During a write, data is broken into stripe units and these are spread across multiple nodes as a protection group. As data is being laid out across the cluster, erasure codes or mirrors, as required, are distributed within each protection group to ensure that files are protected at all times.

One of the key functions of the OneFS AutoBalance job is to reallocate and balance data and, where possible, make storage space more usable and efficient. In most cases, the stripe width of larger files can be increased to take advantage of new free space, as nodes are added, and to make the on-disk layout more efficient.

The initiator top half of the ‘captain’ node uses a modified two-phase commit (2PC) transaction to safely distribute writes across the cluster, as follows:

Every node that owns blocks in a particular write operation is involved in a two-phase commit mechanism, which relies on NVRAM for journaling all the transactions that are occurring across every node in the storage cluster. Using multiple nodes’ NVRAM in parallel allows for high-throughput writes, while maintaining data safety against all manner of failure conditions, including power failures.

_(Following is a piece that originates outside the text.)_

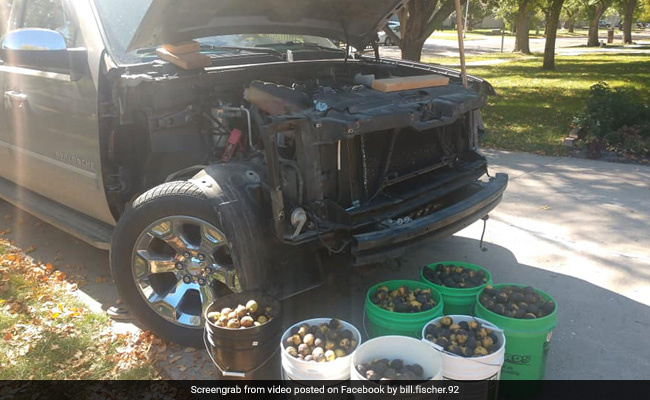 गिलहरी का शातिर दिमाग देख हैरान रह गए लोग, कार के बोनट में छिपा डाले 42 गैलन अखरोट, तस्वीरें हुईं वायरल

In the event that a node should fail mid-transaction, the transaction is restarted instantly without that node involved. When the node returns, it simply replays its journal from NVRAM.

In a write operation, the initiator also orchestrates the layout of data and metadata, the creation of erasure codes, and lock management and permissions control. OneFS can also optimize layout decisions made by to better suit the workflow. These access patterns, which can be configured at a per-file or directory level, include:

  • Concurrency: Optimizes for current load on the cluster, featuring many simultaneous clients.
  • Streaming:  Optimizes for high-speed streaming of a single file, for example to enable very fast reading with a single client.
  • Random:  Optimizes for unpredictable access to the file, by adjusting striping and disabling the use of prefetch.